[WHAT THE EXERCISE ASKS] Whatever pictures appear, omit them, and repeat the data below exactly.

[GIVEN DATA]
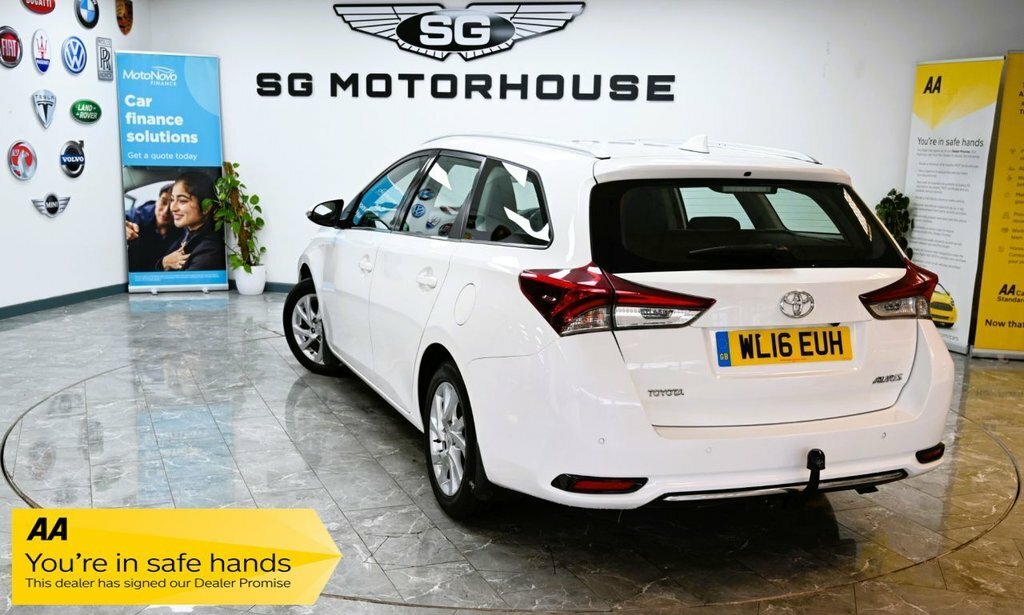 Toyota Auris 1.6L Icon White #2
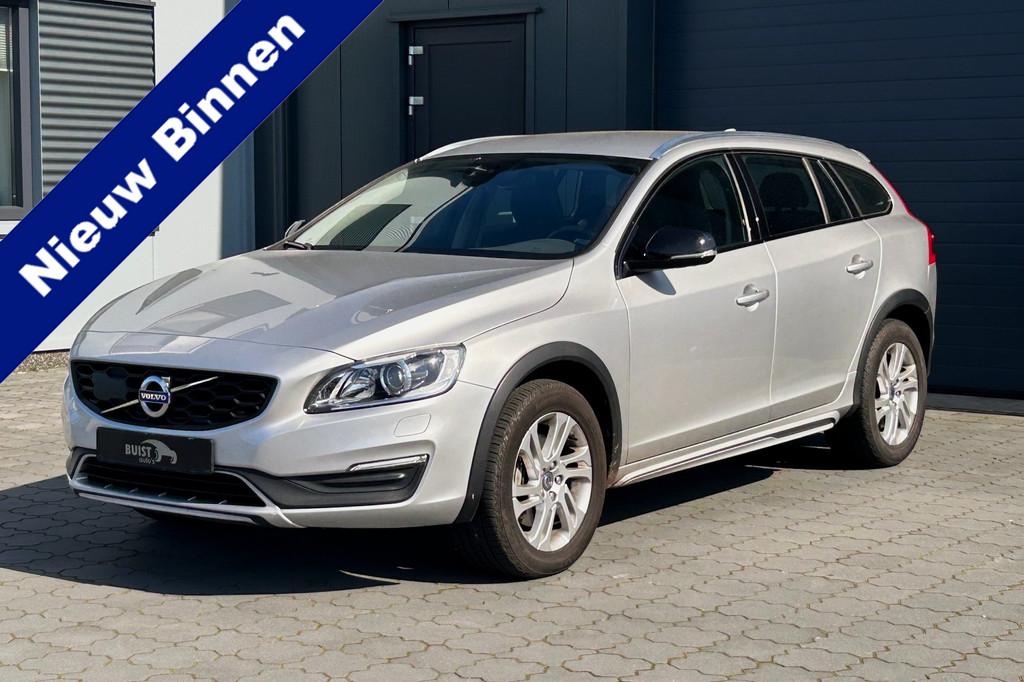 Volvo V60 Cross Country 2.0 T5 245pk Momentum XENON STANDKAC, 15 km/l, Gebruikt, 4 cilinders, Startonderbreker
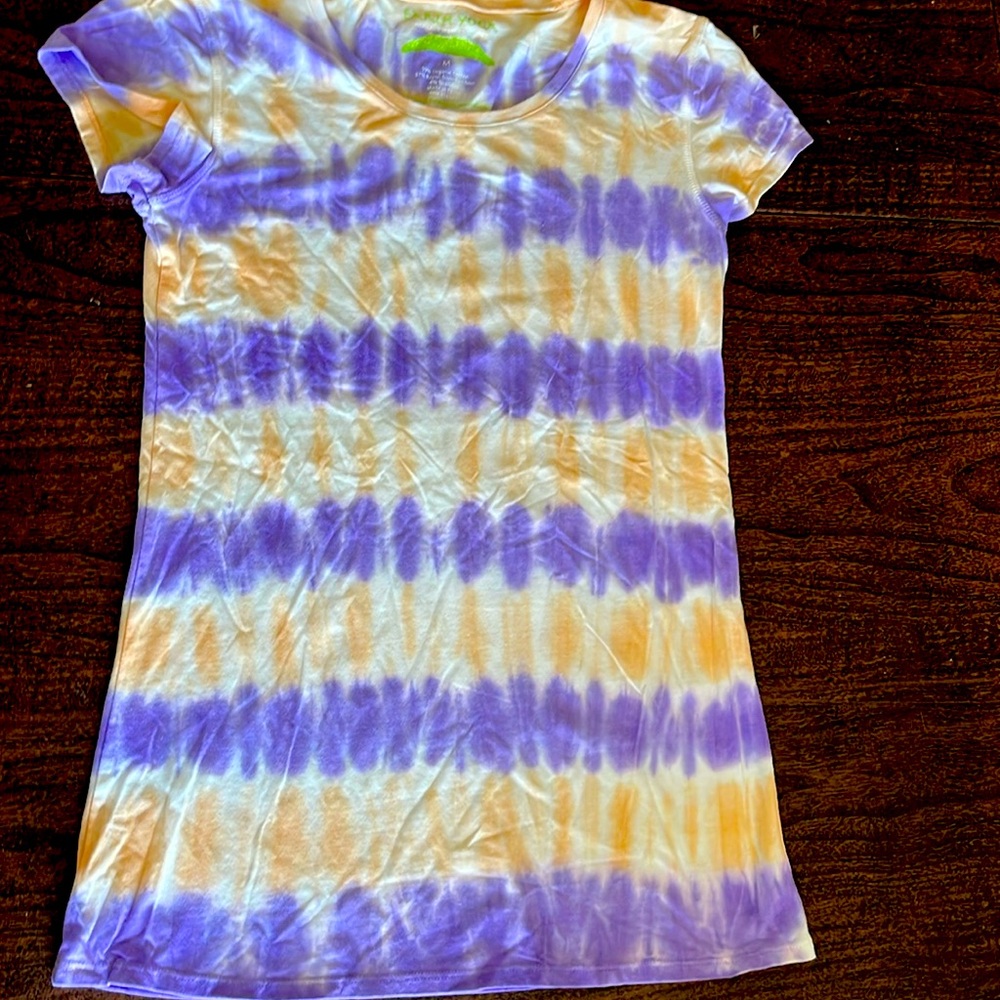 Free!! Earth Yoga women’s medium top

[ANSWER SPACE]
 Toyota Auris 1.6L Icon White #2
 Volvo V60 Cross Country 2.0 T5 245pk Momentum XENON STANDKAC, 15 km/l, Gebruikt, 4 cilinders, Startonderbreker
 Free!! Earth Yoga women’s medium top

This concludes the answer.